Mason Capital Management LLC (“Mason”) today sent a letter to voting shareholders of TELUS Corporation (TSX:T) regarding the proposed dual share-class collapse transaction which is to be voted on at a general meeting of TELUS on October 17, 2012.
(Graphic: Business Wire)
The letter outlines the rationale for Mason’s opposition to TELUS’ proposal to exchange all of its non-voting shares for voting shares on a one-for-one basis and discusses significant flaws in TELUS’ process.

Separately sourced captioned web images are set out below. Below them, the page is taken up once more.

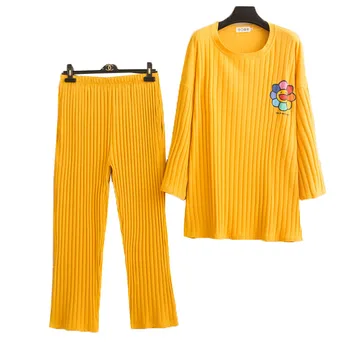 

Large Size Women's Pajamas Autumn Winter Knitted Cotton Nightgown & Trousers Two-Piece Suit Women's Fashion Home Service A942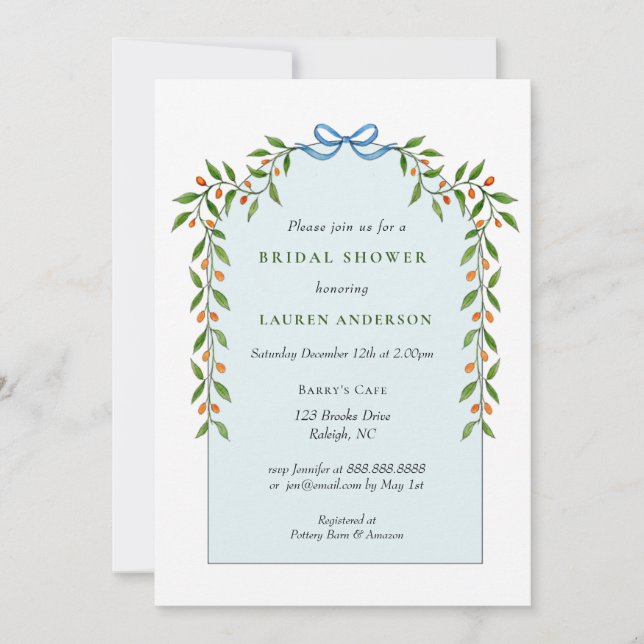 Invitation Citrus garland Arch bleu pâle Douche nuptiale (Devant)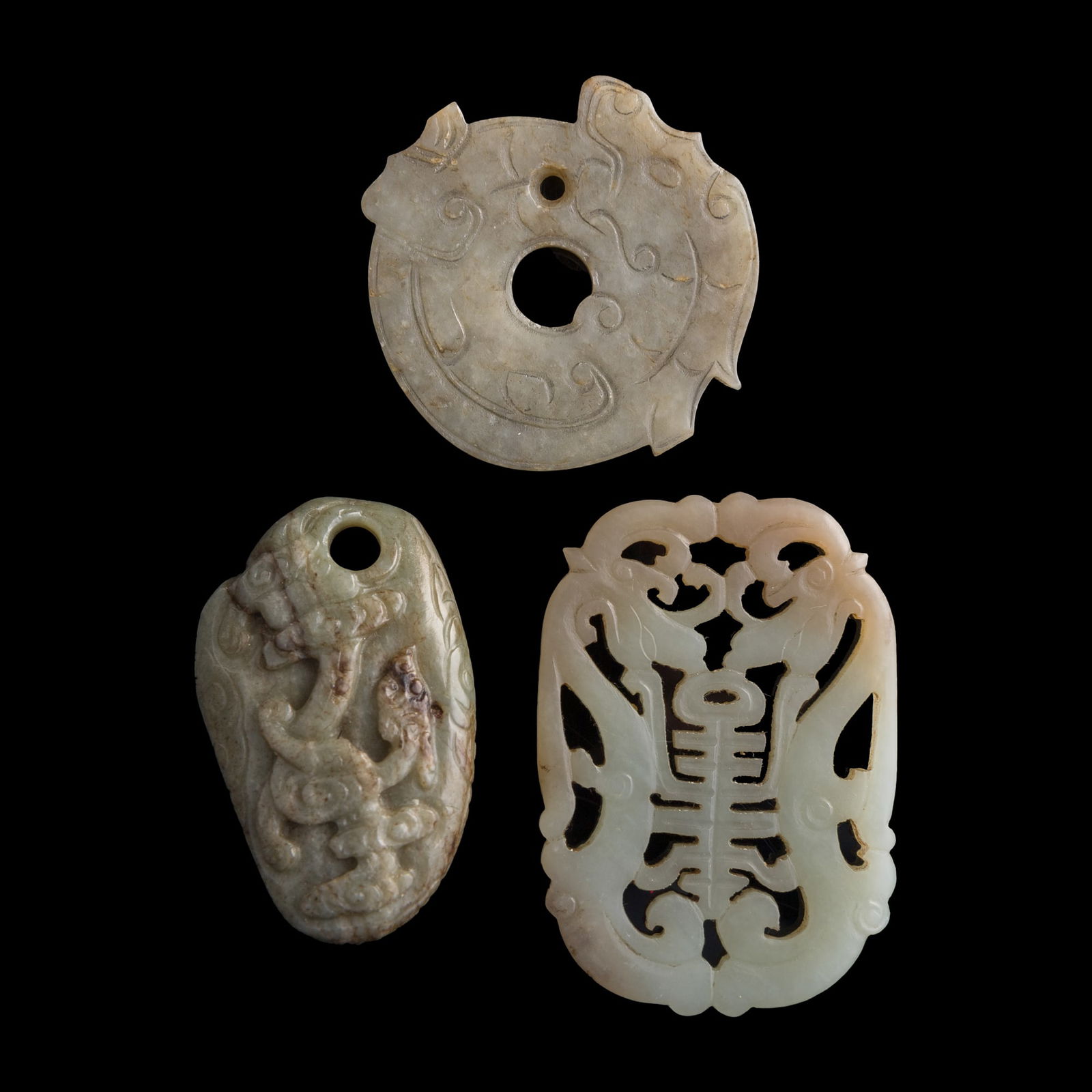 Three assorted Chinese jade carvings, Ming/Qing dynasty (1 of 9)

The text of the October 5, 2012 letter follows:
Dear Fellow TELUS Voting Shareholder:TELUS’ October 17 th shareholder meeting is rapidly approaching. Act now to protect the value of your investment and preserve your voting power by voting NO to TELUS' proposal to convert its non-voting shares into voting stock on a one-for-one basis. Please vote your BLUE proxy or voting instruction form prior to 12:00 noon (EDT) on October 15, 2012. If approved, TELUS’ flawed proposal would result in you giving up the premium that you paid for your voting shares and a 46% reduction in your voting power – with no compensation whatsoever. In fact, TELUS’ proposal would rank among the worst Canadian share collapse transactions. Professor Ronald Gilson of Stanford Law School and the Columbia School of Law has stated that “voting rights attached to shares are valuable” and that “the premium associated with TELUS voting common shares is well recognized by the market.” Professor Gilson notes that TELUS’ proposal would have the effect of “transferring value from the existing holders of common shares with voting rights to the existing holders of non-voting shares.” 1 With such clear negative implications for an entire class of shareholders, we cannot help but question the motives behind TELUS’ proposal.